How to sail through life! – James 3:1-18
By Pastor Lee Hemen
October 20, 2013 AM

All Christians must deal with the issue of self-control. Many refuse to practice it, because they find it difficult. They do not like to be controlled, and they show this by refusing to control themselves. The recent events where Senate leadership accused their opposition of being “terrorists” and “anarchists” is an example where some will say and do anything in order to get what they want. Even when believers try to practice self-control, they often speak hurtful words and perform wrong actions. However, for Christians such control is a critical matter. Everything we say and do should reflect our relationship with Jesus Christ.

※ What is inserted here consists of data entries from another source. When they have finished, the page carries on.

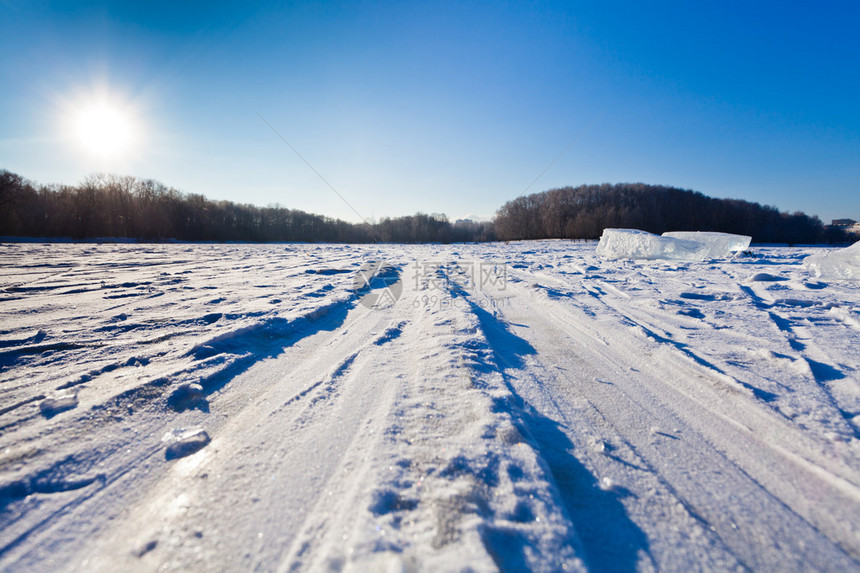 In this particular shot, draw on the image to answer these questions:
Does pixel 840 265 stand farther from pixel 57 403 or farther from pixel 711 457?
pixel 57 403

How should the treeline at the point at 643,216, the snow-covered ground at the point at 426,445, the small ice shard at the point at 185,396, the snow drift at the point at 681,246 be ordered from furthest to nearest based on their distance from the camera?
the treeline at the point at 643,216
the snow drift at the point at 681,246
the small ice shard at the point at 185,396
the snow-covered ground at the point at 426,445

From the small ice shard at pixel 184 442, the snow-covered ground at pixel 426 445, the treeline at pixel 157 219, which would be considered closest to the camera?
the snow-covered ground at pixel 426 445

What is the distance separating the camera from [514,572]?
3.01 feet

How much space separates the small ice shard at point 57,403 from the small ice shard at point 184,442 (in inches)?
27.2

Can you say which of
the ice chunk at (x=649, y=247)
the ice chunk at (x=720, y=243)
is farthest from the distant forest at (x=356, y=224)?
the ice chunk at (x=720, y=243)

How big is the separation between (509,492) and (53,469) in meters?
1.92

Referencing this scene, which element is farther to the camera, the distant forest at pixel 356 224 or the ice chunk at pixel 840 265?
the distant forest at pixel 356 224

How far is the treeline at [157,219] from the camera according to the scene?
83.3 feet

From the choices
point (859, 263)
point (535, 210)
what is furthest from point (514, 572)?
point (535, 210)

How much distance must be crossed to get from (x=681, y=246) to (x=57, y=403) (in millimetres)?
14129

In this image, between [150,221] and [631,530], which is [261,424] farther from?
[150,221]

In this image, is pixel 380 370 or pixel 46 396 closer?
pixel 46 396

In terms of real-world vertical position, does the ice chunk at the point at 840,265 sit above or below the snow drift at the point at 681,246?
below

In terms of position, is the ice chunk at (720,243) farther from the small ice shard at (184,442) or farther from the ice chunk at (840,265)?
the small ice shard at (184,442) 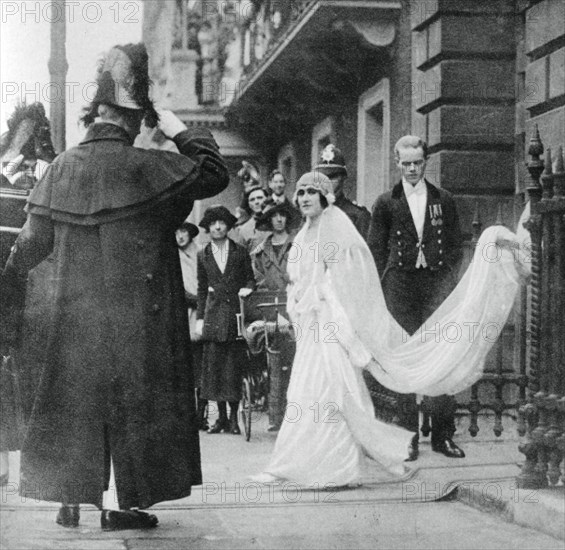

On the PBS show Nova, they showed how we are trying to make things go faster, everything from the Internet to sailboats. In fact, the man who owns Oracle just recently won the America’s Cup with a newly designed sailboat that uses a carbon fiber wing for its sail and hydrofoils for its keel. It can take a 15 mph wind and propel the boat at 50 mph! The sail literally sucks the boat along at faster speeds. Controlling machines is one thing; controlling other parts of our lives is another. Almost all of us have to deal with control issues. James teaches us how to sail through life. Let’s discover how…

READ: James 3:1-18

In what areas of life do you need to exercise better self-control? Some declare they are plainspoken and that “what you see is what you get.” This may be a thinly disguised excuse to be rude and to insist on the freedom of self-expression at another’s expense. Others view sins of speech as minor and model their conduct by society’s pattern. James writes that in order for believers to sail through life, they need to…

I. Speak carefully! (3:1-2)
1. James begins by addressing a teachers’ heavy responsibility to speak carefully. Perhaps, there were some believers who wanted to teach but were not well qualified or equipped. Some selfishly may have wanted the prestige, recognition, and honor the teacher’s role afforded. James warned against allowing believers to become teachers simply because they wanted such a position. He knew they first needed a firm grasp of the gospel’s contents and applications for living. Commentators have offered differing suggestions concerning the teacher’s role among early Christians. One view is that teaching once was an official position ranked among the highest in the church but later became part of the pastor’s function. A contrasting view is that being instructors in Christian doctrines probably was not limited to a special group in the church. Based on the synagogue model, numerous members of a congregation could teach. Yet James cautioned that not everyone who aspired to teach could do so adequately. James’s words here declared all believers stumble. Note he included himself. The Greek word translated stumble means “to make a false step,” thus “to commit error.” It can have the stronger ideas of offending or transgressing. Here it has the sense of sinning or failing in speech. “In many ways” means “often” or “many times.” James declared that a person who can continuously avoid sinning in speech is a mature man. The word mature also can be rendered “perfect.” James probably had spiritual maturity in mind. Disciplined speech is evidence a person can control his whole body. The term body could refer to the physical body whose appetites or drives can veer out of control. More likely, it refers to all that a person is. James writes that in order for believers to sail through life, they need to speak carefully!
EXAMPLE: Churches need qualified teachers, but they discharge a heavy responsibility. Teachers receive a stricter judgment—literally, “a greater sentence.” They are held accountable for correct or incorrect teaching. Teachers answer to God for their words about His Word. However, because believers are not completely mature spiritually and sin in their misuse of speech, they need to give attention to their words. It has always mystified me that folks have to use cursing in order to convey their desires. Believers especially need to discipline their speech so their words are not offensive. Being careful in what we say and in how we express ourselves shows our maturity in Christ. James writes that in order for believers to sail through life, they need to speak carefully!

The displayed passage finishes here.